#### [Task requirements]
The entries below contain a line with "Борт Hyundai HD 65 2011 в Білій Церкві" and a line with "Download Aplikasi Struk Spbu Free". Quote exactly those two lines and all lines between them.

#### [Dataset extract]
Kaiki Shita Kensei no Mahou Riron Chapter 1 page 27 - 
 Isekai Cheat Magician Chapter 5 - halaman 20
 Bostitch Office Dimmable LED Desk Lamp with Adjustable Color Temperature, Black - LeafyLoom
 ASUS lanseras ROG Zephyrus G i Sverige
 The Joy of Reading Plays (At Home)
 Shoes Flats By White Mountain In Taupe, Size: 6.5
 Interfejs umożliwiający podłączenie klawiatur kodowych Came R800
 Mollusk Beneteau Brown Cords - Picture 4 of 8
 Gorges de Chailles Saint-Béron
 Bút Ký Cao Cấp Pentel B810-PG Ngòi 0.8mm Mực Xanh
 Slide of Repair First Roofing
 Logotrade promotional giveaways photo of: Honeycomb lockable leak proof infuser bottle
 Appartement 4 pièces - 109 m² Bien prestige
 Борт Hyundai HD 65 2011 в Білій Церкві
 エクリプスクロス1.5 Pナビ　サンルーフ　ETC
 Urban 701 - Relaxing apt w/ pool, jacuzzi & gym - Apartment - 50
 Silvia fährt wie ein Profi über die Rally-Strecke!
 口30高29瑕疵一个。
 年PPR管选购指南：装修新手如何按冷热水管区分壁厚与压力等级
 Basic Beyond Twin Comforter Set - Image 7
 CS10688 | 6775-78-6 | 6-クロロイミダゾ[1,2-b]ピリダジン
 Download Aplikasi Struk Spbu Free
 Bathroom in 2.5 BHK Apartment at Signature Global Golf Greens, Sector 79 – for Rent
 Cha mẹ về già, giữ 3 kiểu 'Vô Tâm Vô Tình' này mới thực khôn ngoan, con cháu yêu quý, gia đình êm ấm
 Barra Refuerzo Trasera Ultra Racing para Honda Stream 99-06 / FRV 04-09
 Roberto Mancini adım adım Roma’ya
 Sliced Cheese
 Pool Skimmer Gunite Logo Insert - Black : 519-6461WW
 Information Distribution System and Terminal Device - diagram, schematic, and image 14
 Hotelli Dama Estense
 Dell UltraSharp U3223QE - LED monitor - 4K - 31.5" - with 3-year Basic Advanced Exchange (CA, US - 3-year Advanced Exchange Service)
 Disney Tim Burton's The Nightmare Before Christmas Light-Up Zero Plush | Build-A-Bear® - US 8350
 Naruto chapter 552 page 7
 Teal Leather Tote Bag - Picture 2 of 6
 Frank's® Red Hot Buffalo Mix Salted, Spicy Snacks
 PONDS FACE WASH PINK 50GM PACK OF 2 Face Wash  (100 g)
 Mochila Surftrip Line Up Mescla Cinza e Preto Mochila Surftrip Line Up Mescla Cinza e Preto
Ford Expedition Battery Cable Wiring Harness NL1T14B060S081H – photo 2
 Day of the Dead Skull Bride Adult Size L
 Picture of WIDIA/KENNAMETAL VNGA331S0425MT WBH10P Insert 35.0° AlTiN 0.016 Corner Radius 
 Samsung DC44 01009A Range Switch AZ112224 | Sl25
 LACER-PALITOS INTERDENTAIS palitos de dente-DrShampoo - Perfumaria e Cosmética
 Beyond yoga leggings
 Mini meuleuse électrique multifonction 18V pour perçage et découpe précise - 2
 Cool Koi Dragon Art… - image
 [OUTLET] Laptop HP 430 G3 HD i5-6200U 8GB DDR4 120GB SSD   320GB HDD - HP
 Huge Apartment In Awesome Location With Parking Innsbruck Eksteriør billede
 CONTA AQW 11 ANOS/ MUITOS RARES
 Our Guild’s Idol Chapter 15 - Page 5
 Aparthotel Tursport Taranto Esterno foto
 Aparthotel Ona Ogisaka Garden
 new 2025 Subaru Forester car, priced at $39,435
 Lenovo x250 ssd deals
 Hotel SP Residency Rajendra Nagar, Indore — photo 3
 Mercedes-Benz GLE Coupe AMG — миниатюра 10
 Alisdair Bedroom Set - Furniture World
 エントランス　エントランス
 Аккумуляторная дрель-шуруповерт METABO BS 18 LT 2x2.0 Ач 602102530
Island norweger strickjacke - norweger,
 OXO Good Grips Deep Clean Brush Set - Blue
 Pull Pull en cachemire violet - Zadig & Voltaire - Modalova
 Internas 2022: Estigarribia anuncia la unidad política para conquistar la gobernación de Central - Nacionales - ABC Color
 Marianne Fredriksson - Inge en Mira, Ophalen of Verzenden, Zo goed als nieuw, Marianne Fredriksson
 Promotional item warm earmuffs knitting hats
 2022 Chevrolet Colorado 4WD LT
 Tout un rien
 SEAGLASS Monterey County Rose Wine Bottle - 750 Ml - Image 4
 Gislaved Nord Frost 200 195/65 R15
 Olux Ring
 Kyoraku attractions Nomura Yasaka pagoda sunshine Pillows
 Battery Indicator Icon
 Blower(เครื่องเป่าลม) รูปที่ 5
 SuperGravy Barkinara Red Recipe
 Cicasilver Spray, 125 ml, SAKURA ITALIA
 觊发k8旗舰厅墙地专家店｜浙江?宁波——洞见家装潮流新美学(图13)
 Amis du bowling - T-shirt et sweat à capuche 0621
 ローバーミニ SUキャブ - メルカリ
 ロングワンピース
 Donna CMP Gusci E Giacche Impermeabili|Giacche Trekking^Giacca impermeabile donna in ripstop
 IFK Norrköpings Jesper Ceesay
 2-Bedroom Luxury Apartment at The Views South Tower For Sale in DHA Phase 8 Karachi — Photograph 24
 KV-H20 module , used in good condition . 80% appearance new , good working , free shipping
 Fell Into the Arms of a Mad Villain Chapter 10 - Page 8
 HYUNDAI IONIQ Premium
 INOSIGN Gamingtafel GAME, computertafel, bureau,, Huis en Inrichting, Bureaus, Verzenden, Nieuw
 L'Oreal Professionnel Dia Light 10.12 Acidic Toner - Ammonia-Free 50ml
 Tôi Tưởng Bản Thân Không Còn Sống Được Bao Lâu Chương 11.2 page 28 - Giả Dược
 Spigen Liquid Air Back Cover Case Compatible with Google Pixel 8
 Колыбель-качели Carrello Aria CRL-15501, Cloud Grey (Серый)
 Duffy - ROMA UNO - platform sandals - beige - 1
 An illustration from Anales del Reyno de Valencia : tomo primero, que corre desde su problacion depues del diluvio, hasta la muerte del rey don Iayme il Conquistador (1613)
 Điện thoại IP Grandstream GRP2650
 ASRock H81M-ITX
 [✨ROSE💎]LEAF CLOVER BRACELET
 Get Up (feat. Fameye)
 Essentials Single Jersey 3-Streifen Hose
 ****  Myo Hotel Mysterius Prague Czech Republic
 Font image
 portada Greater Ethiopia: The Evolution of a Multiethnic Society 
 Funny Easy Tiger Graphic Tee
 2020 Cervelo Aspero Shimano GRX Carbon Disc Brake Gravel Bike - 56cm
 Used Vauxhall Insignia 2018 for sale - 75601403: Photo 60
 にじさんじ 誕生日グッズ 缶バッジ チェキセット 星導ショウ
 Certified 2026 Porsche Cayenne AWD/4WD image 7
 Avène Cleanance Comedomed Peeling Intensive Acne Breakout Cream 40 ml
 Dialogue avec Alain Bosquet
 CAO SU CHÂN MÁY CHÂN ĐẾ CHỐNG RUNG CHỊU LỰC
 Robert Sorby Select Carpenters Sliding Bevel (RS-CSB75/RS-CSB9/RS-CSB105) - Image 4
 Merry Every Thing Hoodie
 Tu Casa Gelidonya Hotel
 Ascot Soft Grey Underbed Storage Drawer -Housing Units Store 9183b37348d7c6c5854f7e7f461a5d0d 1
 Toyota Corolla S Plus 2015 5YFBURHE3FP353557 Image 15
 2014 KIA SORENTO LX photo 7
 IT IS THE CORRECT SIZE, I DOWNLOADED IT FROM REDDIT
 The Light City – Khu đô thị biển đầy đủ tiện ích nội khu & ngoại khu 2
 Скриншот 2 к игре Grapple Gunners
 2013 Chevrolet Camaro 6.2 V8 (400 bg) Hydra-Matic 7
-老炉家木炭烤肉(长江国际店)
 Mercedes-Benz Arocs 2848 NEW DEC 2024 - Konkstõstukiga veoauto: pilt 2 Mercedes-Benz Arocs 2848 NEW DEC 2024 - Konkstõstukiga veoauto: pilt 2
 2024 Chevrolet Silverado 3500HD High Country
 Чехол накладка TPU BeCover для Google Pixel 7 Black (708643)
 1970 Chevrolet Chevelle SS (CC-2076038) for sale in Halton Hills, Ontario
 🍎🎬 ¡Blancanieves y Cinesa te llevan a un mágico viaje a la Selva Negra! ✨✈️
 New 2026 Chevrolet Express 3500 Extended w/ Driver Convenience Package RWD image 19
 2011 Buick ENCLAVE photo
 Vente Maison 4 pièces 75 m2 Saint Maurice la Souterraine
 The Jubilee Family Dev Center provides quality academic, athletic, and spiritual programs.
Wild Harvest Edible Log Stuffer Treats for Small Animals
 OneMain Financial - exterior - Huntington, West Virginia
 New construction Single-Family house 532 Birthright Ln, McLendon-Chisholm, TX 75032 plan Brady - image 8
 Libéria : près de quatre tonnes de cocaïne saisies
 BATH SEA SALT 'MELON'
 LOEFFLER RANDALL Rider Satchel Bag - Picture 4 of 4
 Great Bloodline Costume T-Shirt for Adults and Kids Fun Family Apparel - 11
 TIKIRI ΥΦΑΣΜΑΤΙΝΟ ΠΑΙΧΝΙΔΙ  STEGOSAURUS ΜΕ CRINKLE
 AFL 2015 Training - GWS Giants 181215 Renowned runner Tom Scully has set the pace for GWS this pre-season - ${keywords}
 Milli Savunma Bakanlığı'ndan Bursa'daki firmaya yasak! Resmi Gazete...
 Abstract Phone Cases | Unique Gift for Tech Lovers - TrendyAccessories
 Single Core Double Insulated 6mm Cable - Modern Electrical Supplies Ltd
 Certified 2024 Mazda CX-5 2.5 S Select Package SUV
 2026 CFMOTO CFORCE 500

#### [Written solution]
 Борт Hyundai HD 65 2011 в Білій Церкві
 エクリプスクロス1.5 Pナビ　サンルーフ　ETC
 Urban 701 - Relaxing apt w/ pool, jacuzzi & gym - Apartment - 50
 Silvia fährt wie ein Profi über die Rally-Strecke!
 口30高29瑕疵一个。
 年PPR管选购指南：装修新手如何按冷热水管区分壁厚与压力等级
 Basic Beyond Twin Comforter Set - Image 7
 CS10688 | 6775-78-6 | 6-クロロイミダゾ[1,2-b]ピリダジン
 Download Aplikasi Struk Spbu Free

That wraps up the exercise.